--- Source records Enclosed Below ---

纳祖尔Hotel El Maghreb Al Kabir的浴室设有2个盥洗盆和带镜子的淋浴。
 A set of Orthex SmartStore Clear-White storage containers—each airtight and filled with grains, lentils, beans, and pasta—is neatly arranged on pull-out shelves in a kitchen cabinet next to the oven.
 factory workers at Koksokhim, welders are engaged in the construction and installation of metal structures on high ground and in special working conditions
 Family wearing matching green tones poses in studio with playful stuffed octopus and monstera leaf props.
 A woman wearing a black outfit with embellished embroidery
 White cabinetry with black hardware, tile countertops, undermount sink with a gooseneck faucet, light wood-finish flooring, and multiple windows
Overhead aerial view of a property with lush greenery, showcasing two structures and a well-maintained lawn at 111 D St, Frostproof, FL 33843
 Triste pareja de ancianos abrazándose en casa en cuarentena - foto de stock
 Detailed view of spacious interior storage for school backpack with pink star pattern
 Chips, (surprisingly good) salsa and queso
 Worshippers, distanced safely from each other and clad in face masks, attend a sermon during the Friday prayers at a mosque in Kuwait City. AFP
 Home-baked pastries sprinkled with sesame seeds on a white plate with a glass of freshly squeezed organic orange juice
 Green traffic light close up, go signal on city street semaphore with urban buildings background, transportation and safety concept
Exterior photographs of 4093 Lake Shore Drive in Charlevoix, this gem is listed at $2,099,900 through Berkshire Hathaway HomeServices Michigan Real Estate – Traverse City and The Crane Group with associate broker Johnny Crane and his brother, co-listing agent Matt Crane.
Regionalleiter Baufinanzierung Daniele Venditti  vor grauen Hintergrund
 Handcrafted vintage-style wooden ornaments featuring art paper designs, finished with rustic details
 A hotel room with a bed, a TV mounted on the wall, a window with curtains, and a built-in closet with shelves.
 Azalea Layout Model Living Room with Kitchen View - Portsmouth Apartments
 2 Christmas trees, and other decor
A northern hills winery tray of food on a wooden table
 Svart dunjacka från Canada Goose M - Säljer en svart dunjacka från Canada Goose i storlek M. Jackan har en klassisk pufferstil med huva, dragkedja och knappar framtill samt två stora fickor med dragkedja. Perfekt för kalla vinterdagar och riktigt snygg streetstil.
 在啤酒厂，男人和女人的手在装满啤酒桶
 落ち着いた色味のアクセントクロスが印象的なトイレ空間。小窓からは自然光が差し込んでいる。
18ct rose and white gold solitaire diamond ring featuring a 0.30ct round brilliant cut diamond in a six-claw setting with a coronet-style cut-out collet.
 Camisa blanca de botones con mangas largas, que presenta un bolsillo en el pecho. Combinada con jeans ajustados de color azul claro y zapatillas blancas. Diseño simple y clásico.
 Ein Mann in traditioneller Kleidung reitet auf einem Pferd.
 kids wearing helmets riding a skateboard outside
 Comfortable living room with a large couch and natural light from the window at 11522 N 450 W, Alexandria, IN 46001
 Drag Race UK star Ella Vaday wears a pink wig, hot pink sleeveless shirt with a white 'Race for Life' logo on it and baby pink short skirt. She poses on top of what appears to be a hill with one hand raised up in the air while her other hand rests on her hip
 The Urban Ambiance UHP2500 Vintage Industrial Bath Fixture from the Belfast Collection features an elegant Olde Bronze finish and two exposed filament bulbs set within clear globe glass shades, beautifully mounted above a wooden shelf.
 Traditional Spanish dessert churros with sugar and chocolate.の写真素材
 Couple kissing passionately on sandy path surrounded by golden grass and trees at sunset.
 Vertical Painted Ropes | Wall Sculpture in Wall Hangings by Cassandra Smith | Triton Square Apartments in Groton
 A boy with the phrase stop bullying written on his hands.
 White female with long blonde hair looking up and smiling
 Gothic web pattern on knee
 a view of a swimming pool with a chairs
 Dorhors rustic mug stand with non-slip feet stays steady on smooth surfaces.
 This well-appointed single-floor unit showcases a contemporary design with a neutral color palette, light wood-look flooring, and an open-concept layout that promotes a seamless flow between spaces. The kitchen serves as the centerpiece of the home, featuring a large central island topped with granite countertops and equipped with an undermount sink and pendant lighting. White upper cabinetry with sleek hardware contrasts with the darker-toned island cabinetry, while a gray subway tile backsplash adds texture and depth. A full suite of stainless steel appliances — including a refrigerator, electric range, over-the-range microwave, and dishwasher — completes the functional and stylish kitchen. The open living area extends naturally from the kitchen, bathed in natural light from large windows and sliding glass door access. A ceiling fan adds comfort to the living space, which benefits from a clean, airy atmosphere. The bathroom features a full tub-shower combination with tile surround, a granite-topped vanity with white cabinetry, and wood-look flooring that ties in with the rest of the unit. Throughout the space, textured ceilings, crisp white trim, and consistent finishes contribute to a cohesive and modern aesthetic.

--- End of Enclosed Source records ---

Reprint exactly the lines above that start at the one with "Triste pareja de" and end at the one with "Regionalleiter Baufinanzierung Daniele", keeping both and adding none.

 Triste pareja de ancianos abrazándose en casa en cuarentena - foto de stock
 Detailed view of spacious interior storage for school backpack with pink star pattern
 Chips, (surprisingly good) salsa and queso
 Worshippers, distanced safely from each other and clad in face masks, attend a sermon during the Friday prayers at a mosque in Kuwait City. AFP
 Home-baked pastries sprinkled with sesame seeds on a white plate with a glass of freshly squeezed organic orange juice
 Green traffic light close up, go signal on city street semaphore with urban buildings background, transportation and safety concept
Exterior photographs of 4093 Lake Shore Drive in Charlevoix, this gem is listed at $2,099,900 through Berkshire Hathaway HomeServices Michigan Real Estate – Traverse City and The Crane Group with associate broker Johnny Crane and his brother, co-listing agent Matt Crane.
Regionalleiter Baufinanzierung Daniele Venditti  vor grauen Hintergrund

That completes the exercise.